Oleh: W. Friendica M. Aprilawan Putera, Analis KNEKS, Setjen Kemenkeu *)
Insan ekonomi syariah berharap adanya creative financing dalam bentuk kerjasama pemerintah badan usaha (KPBU) syariah sebagai salah satu solusi atas keterbatasan APBN dalam membiayai program pembangunan nasional. Namun aset keuangan syariah yang hanya 9,89% dari total aset keuangan nasional per Maret 2022 diperkirakan masih belum mampu membiayai suatu proyek KPBU secara mandiri sehingga mimpi penggunaan akad syariah dalam seluruh bagian kontrak proyek KPBU Syariah diperkirakan hanya dapat terwujud untuk sebagian kontrak saja.

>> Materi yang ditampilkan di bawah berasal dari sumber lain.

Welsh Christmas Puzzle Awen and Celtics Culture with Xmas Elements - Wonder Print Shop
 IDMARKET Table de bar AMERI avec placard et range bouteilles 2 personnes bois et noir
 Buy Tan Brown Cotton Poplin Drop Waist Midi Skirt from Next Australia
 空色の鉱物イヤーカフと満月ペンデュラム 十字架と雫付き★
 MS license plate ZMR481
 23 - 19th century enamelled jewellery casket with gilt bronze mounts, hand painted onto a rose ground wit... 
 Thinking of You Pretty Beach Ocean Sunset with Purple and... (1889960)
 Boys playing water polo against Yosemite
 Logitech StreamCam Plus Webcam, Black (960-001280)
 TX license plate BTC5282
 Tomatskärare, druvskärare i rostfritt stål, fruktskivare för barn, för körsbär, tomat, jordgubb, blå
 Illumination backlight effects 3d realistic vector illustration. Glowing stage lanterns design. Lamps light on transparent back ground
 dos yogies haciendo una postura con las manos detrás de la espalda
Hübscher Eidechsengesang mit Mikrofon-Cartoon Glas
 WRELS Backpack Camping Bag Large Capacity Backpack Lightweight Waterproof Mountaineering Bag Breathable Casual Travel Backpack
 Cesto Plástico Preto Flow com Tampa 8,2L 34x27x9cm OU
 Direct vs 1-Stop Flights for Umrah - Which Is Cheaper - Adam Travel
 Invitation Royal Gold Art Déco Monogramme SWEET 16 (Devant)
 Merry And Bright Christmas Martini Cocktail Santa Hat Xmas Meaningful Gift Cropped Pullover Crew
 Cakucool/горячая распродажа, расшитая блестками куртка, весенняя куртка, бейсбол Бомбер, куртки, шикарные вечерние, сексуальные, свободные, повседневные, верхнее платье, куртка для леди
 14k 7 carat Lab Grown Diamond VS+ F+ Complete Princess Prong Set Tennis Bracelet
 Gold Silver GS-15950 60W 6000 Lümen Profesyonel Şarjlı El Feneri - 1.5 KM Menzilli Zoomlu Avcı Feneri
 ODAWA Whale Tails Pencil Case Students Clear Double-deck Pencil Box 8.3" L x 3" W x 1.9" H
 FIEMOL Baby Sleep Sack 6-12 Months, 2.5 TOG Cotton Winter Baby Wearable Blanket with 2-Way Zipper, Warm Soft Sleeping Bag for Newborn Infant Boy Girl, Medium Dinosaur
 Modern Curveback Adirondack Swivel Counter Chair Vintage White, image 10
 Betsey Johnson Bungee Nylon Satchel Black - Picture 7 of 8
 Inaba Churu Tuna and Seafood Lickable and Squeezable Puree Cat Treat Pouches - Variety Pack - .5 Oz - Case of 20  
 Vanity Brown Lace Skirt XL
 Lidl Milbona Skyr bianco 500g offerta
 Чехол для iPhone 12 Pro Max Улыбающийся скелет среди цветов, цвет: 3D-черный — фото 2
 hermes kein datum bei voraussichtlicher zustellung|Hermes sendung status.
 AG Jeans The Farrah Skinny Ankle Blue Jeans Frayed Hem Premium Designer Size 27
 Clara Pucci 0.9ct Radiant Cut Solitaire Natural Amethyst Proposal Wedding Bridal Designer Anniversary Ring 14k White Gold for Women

KPBU dan Pembangunan Infrastruktur
Pembangunan infrastruktur telah menjadi agenda prioritas nasional untuk memenuhi ketersediaan layanan dasar, peningkatan produktivitas, serta mendukung penyelesaian proyek prioritas dan strategis. Oleh karena itu, kebutuhan investasi infrastruktur terus meningkat dari tahun ke tahun dengan diperkirakan mencapai Rp6.445 triliun pada 2020-2024, meningkat 34,3% dibandingkan periode 2015-2019 sebesar Rp4.796 triliun.
Peningkatan ini selaras dengan kebijakan Pemerintah menjadikan pembangunan infrastruktur, khususnya yang memperkuat konektivitas nasional, infrastruktur dasar seperti perumahan, air bersih, sanitasi, dan listrik, menjamin ketahanan air, pangan, dan energi, serta pengembangan sistem transportasi massal perkotaan, sebagai penopang pertumbuhan dan pemerataan ekonomi. Namun keterbatasan APBN menyebabkan Pemerintah terkendala dalam penyediaan infrastruktur dasar sehingga memerlukan peran aktif dari BUMN maupun swasta, salah satunya melalui skema Kerjasama Pemerintah Badan Usaha (KPBU).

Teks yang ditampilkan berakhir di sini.